What is required:
Your task is to transcribe the data exactly while omitting each picture.

Source data:
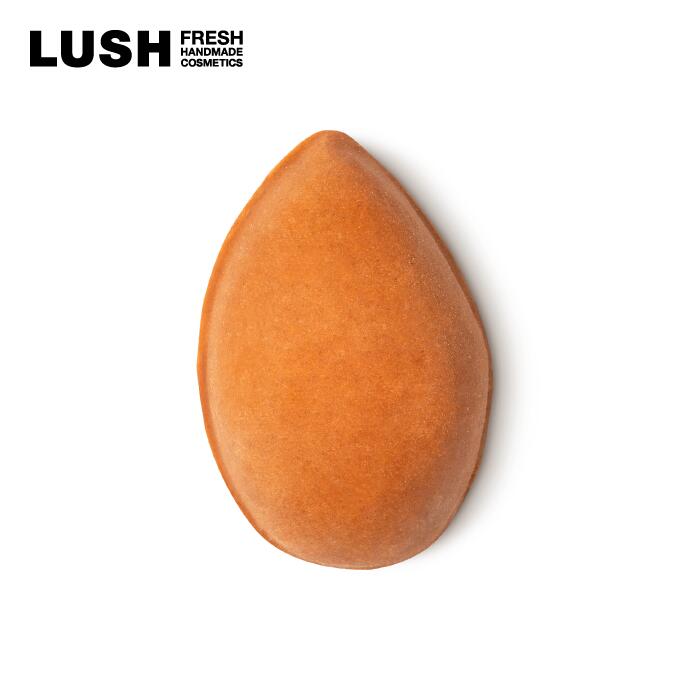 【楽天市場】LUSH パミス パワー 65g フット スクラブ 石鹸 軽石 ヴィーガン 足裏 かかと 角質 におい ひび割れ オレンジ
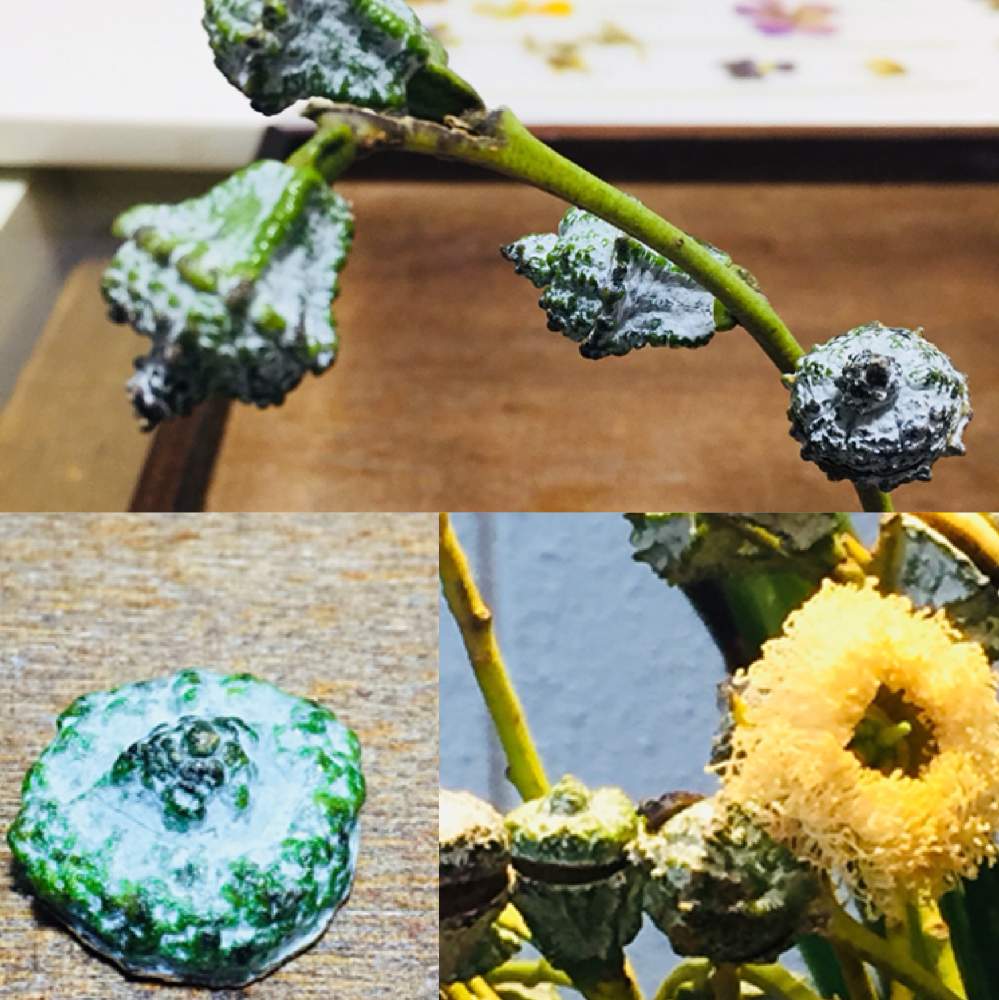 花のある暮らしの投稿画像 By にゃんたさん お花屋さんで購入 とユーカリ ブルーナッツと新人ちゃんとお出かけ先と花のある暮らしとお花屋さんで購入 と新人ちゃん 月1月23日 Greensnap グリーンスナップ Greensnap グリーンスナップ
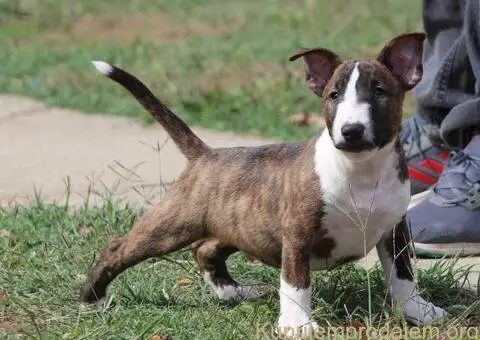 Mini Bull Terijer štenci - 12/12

Final answer:
 【楽天市場】LUSH パミス パワー 65g フット スクラブ 石鹸 軽石 ヴィーガン 足裏 かかと 角質 におい ひび割れ オレンジ
 花のある暮らしの投稿画像 By にゃんたさん お花屋さんで購入 とユーカリ ブルーナッツと新人ちゃんとお出かけ先と花のある暮らしとお花屋さんで購入 と新人ちゃん 月1月23日 Greensnap グリーンスナップ Greensnap グリーンスナップ
 Mini Bull Terijer štenci - 12/12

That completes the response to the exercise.